Comme en témoigne Béatrice, prendre régulièrement un temps pour analyser un conflit en se centrant sur ses propres besoins permet d’y voir plus clair, de prendre confiance et donc de s’affirmer davantage.
Pour certains parents le simple fait de faire le stage est un facteur d'apaisement dans la famille. S'accorder un moment pour soi, une pause pour prendre du recul et partager avec d'autres parents est une aide aussi précieuse que les outils en eux-mêmes.
Je terminerai sur ce témoignage d’un papa : « je venais chercher des outils pour résoudre les conflits et je repars avec une nouvelle philosophie de vie et un autre regard sur ma relation avec ma fille. »
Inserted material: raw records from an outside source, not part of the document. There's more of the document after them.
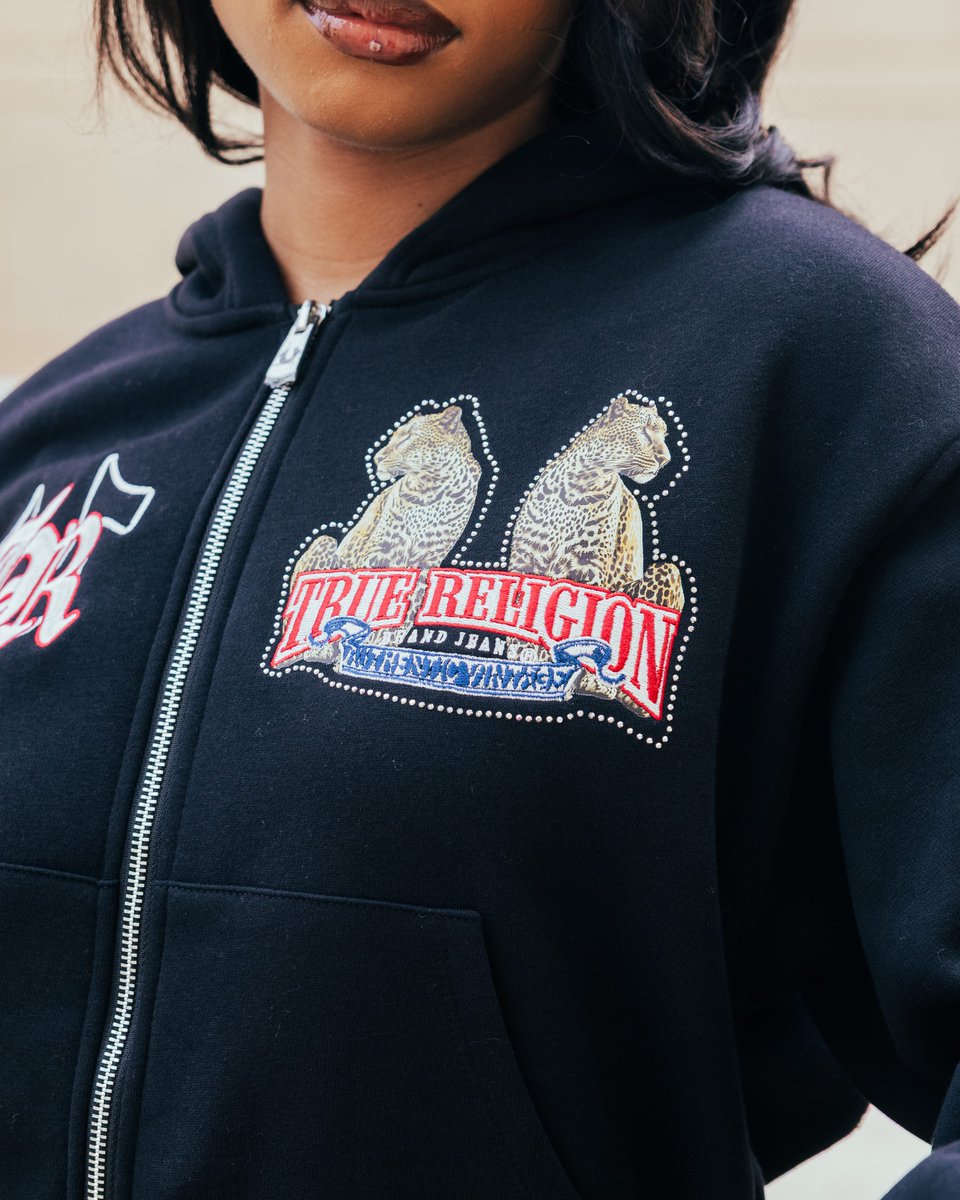 DTLRVILLA's tweet photo. It's getting cooler ladies. The #TrueReligion Crystal Varsity Relaxed Full Zip Fleece Set is available in-store and online. 

Link to True Religion: https://t.co/TwLJDRMUYi https://t.co/fuVTjHdyb6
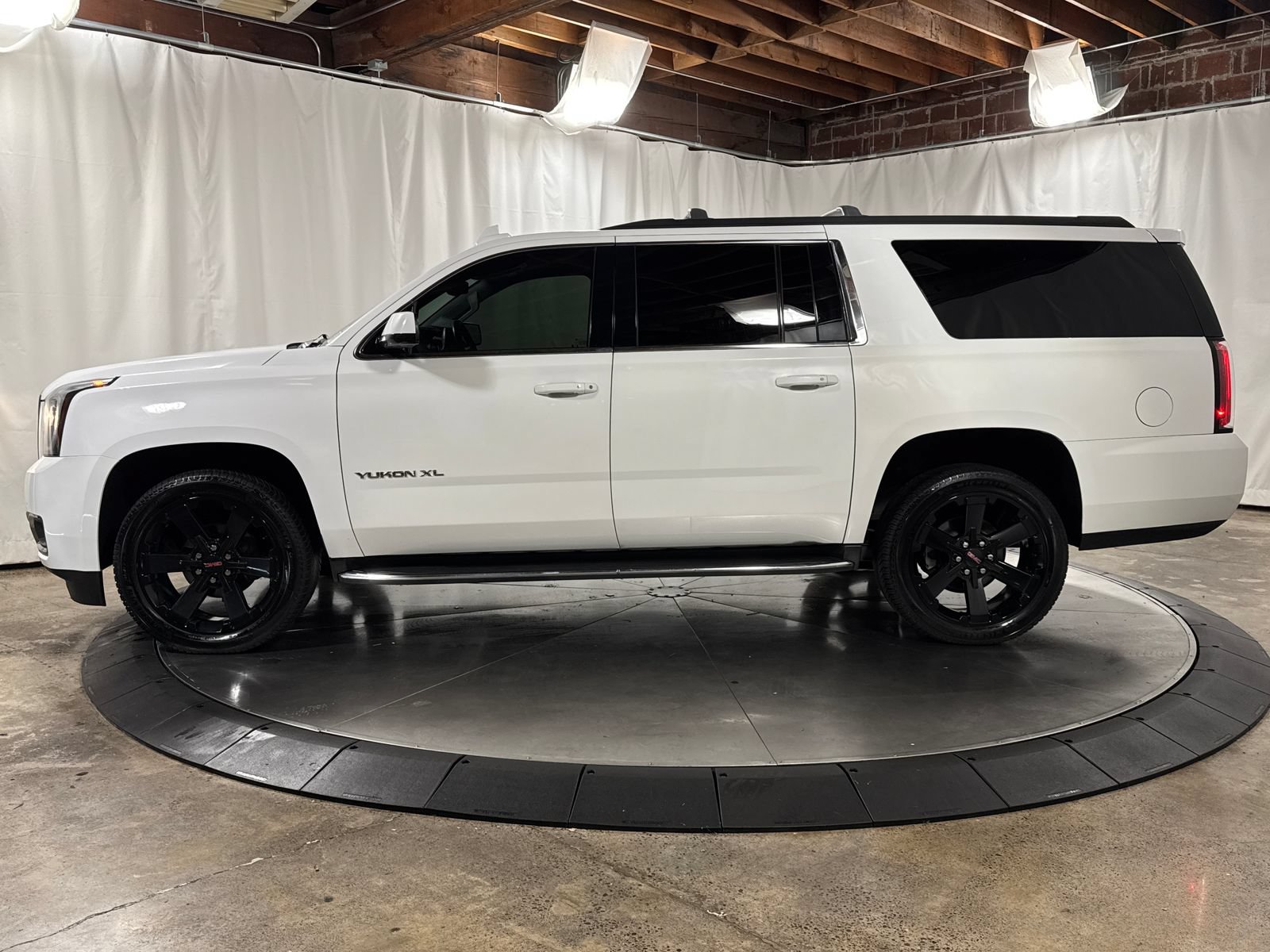Used 2020 GMC Yukon XL SLT w/ Open Road Package AWD/4WD image 8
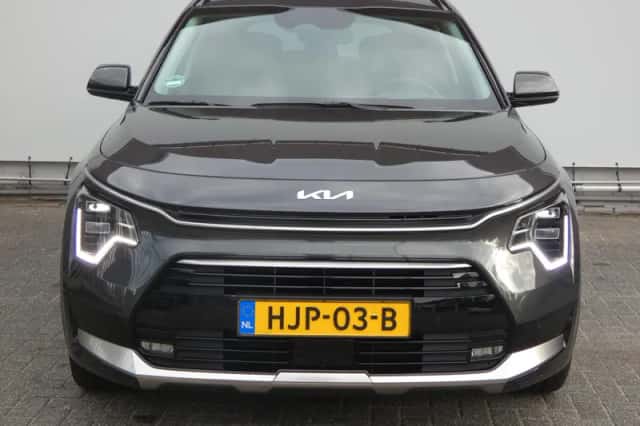Kia Niro (2025) thumbnail 2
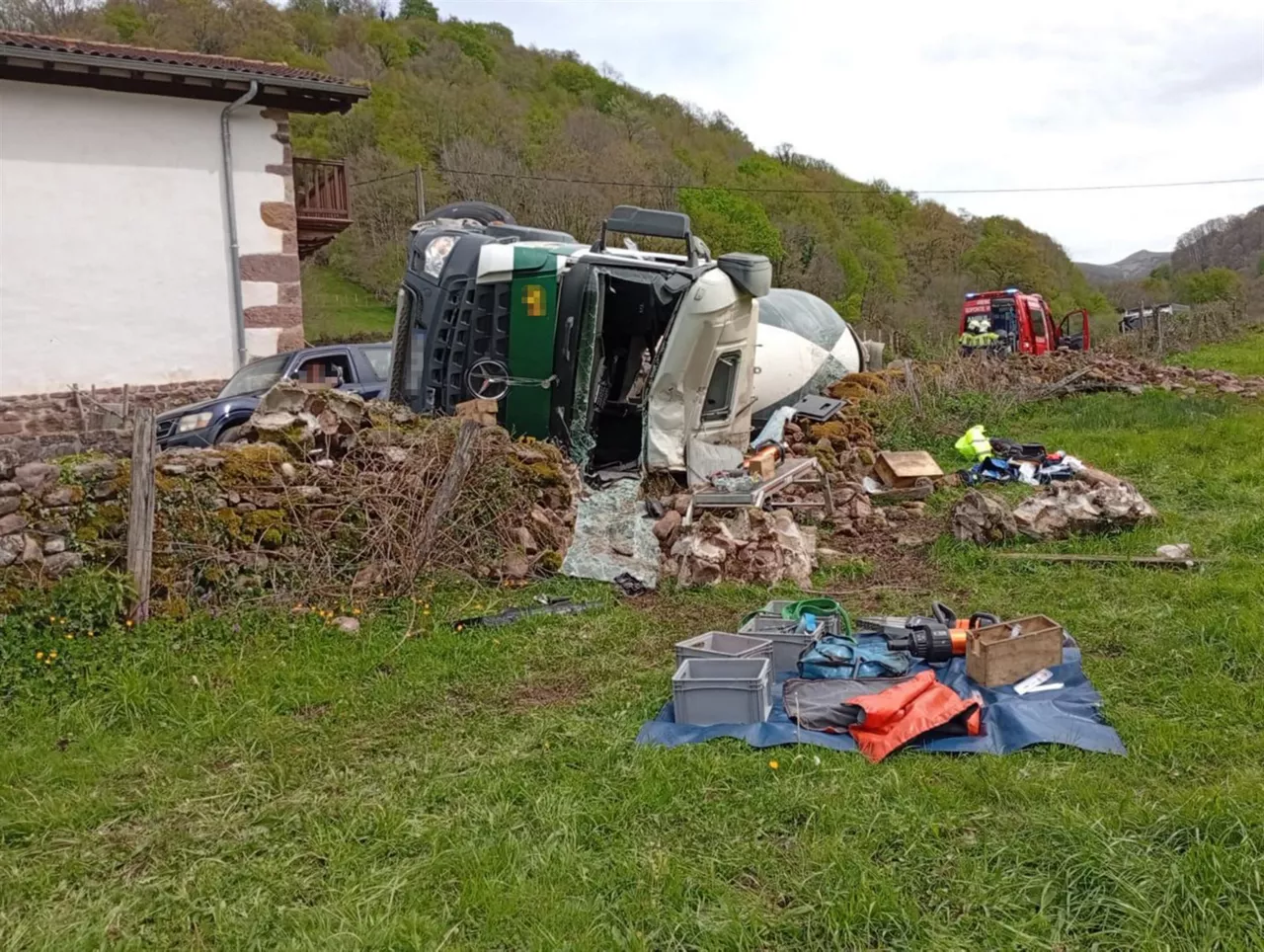 Baztan-camion-hormigonera-accidente-bomberos-navarra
S’il existe des clés qui peuvent sensiblement améliorer nos relations et transformer notre vision de la parentalité, il n’existe pas d’outil miracle ni de recette qui marche à coup sûr. Savoir accueillir les émotions, écouter, poser des limites respectueuses (de soi et de l’autre), résoudre les conflits, etc. sont avant tout des savoir-être et des savoir-faire qui s’apprennent et se développent avec le temps et surtout la pratique !"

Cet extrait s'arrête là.